Old news I know .Sad sad days are ahead for us in the telecom field. Everything is moving to the cloud!
I was hoping to ride this field into retirement but it's not looking good.
I used to have super powers but my therapist took them away...
Yep, sad, but all good things must come to an end. I have been in the Telecom business as a tech since 1979. Started installing Nortel in 1991. We only have 1 still under a Maintenance Contract, I rarely touch the stuff any more. I have been doing Commercial and Residential Fiber to the Prem the last 2 1/2 years. It's OK, but I prefer to working on the PBX stuff. We are still selling Avaya and Shoretel and our own Cloud Based System. I will be 57 this summer, I was hoping to ride this gig out too, not sure I can though.
Yes, Avaya has discontinued the CS1000, but E-MetroTel has used their same team who developed CS1000 at Nortel to develop the UCx1000, so it is still alive in essence. The features work the same way, if not even better than they did on CS1000, especially with the Nortel Unistim IP phones and Meridian M2000/M3900 sets. And they offer the CS1000/UCx1000 software in the Cloud. I haven't tried the cloud yet, as I still like a piece of hardware, but I hope to get some potential users interested in it, so I can try it out.
It makes me sad to see most of these CS1000 systems not being pulled out and replaced with Avaya, but instead Cisco. Hell Aastra Mitel makes a good product too.
I think customers have had their fill of Nortel/Avaya. Their pricing is ridiculous to upgrade CS1000. You can almost fork lift the CS1000 and get all new phones with a different manufacturer for the price of an upgrade with old phones. I think the IPO is junk, don't know much about the CM. Seems Hosted is a good alternative for some and Shoretel seems to be solid.
Shame, 20 years invested in this platform & countless thousands on getting certified.
Oh well there is still bundles of it out there to keep most of us busy for the next 5 years.
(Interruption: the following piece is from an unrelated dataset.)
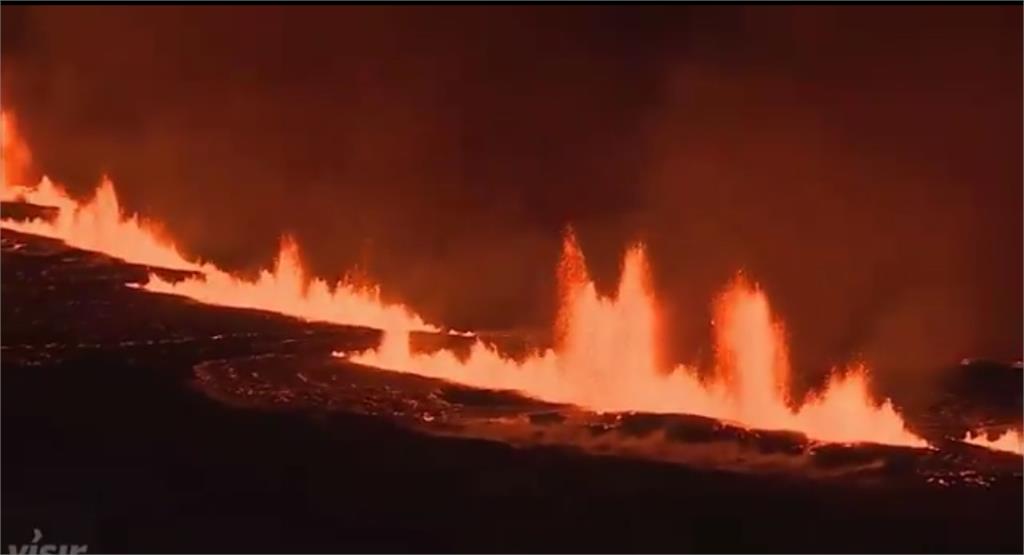 地震活動持續數週！  冰島火山噴發4000居民急撤離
Luckily (or not) I started my move to the dark side (Cisco) over a year ago (it is S*#T) but there is so much of it & the cisco guys generally don't understand voice room for me to move in.
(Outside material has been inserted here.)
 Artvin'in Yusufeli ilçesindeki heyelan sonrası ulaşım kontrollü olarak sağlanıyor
I personally would support mine for another 10 years, the spares will be easily available for at least another 15 I reckon they'll start to get cheaper for a while.
I can honestly say after 38 years in the business I have never seen a PBX as reliable as a Nortel. Same goes for their Key Systems. They just keep going.
they are providing new firmware that will move the phones from unistim to SIP. The biggest problem with SIP is MADN extensions. This has been resolved and will be rolled out with the Breeze Terminal adapater. This way the phones will register directly to the Session Manager.
John Anaya
Amdocs Inc.
ACSS/ACIS - CS1000 Rls 7.5/Call Pilot 5
ACSS/ACIS - SME - IP Office 8.0
APSS/APDS - Avaya UC Services
I've tried the 1100 SIP phones out on my IP Office and I am just not satisfied with Avaya's SIP version of running these phones....
gone are the choices between 3 different key clicks....aka silence, short click or DTMF tone.
gone are a double ring for external calls and single ring for internal calls....all calls ring the same cadence whether internal or external.
The phones inherently run like a home analog phone. Transfer is laborious, parking is laborious. I am just not sold on it.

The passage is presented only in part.